One of the very cool things about writing my critique book for Writer’s Digest is the timing. They’re doing a lot of reorganizing, shifting themselves–as I understand it–from several distinct businesses into one integrated community. I think I, and the book, are going to benefit greatly from this, not to mention having a fun ride along the way.
The whole online community thing is an amazing tool or toy, depending on how you look at it or how much you know about it. I feel as though I’m walking into a giant ocean, putting each foot down ahead of me very carefully, to see how deep I’m getting and to identify what’s actually swimming around out there. I know I can avoid the sharks, and I’m kind of excited that I might get to see some of those bright, colorful fish that hang out in the coral.
In other words, I’m still learning!
So I thought I’d post a few links today to help you dip your own toes in. See what you think. And throw some of your theories, hopes, and worries about social networking into the comments!
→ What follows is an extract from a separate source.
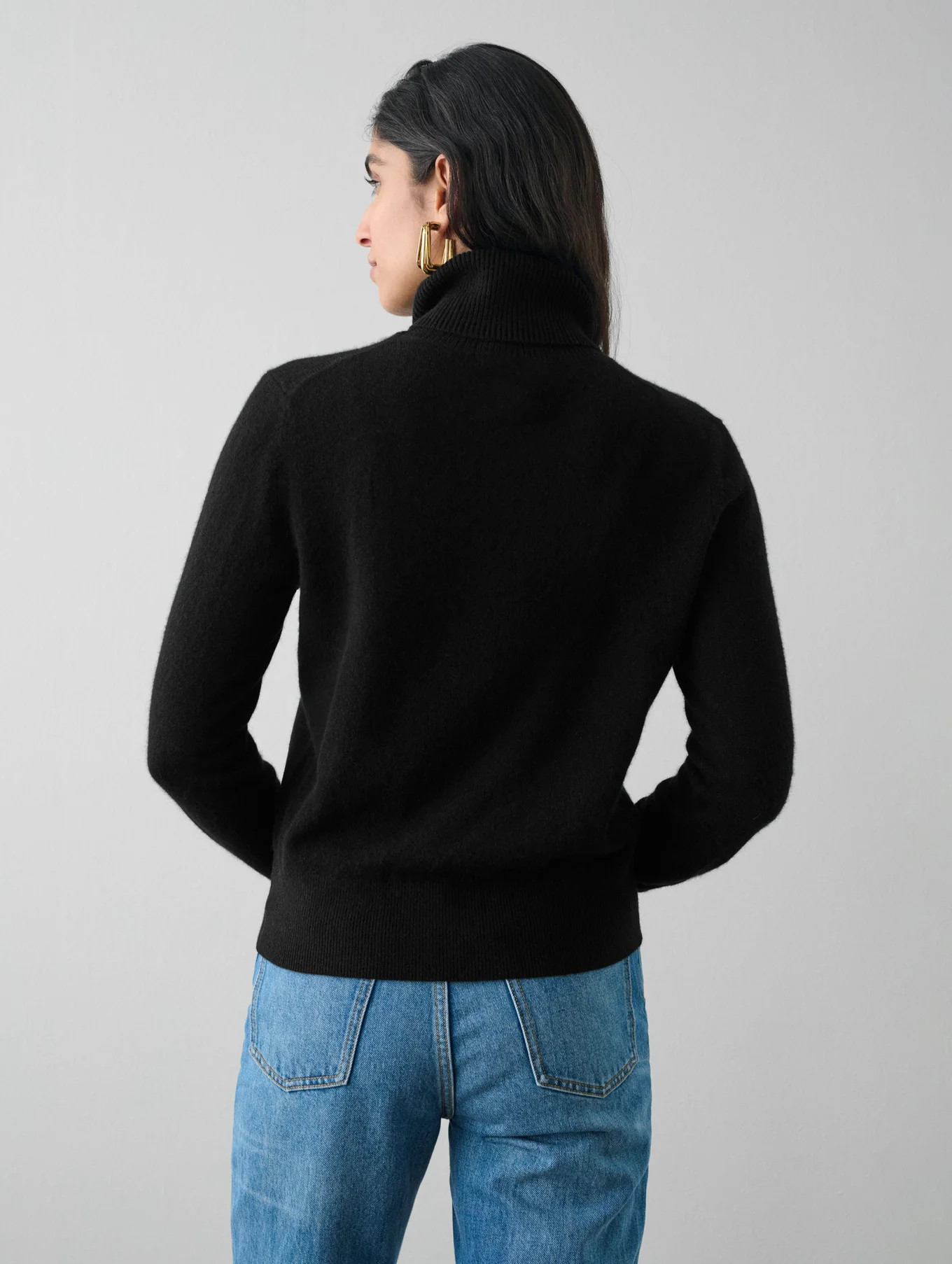 Essential Cashmere Turtleneck | White and Warren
This first one’s a bit intense, with a bit of a 1984/Big Brother feel to it, and the participants throwing around a lot of jargon and TLAs (Three-Letter Acronyms). But if you substitute “I” for “We” and pretend their talking about individual writers instead of big corporations…well, there’s some interesting stuff. Thanks to Jane Friedman for the link.
Martha Engber was doing a little research on Good Reads, which I’ve been wondering about lately. She’s got a good summary of how it works for marketing, as well as finding great book recommendations.
Mary Hershey and Robin LaFevers always have great info at their Shrinking Violet Promotions blog. In this post, they “reprint” Robyn Schneider’s “Facebook: A Guide for Authors.”
And Michelle Rafter has a post about how freelance writers can work with LinkedIn.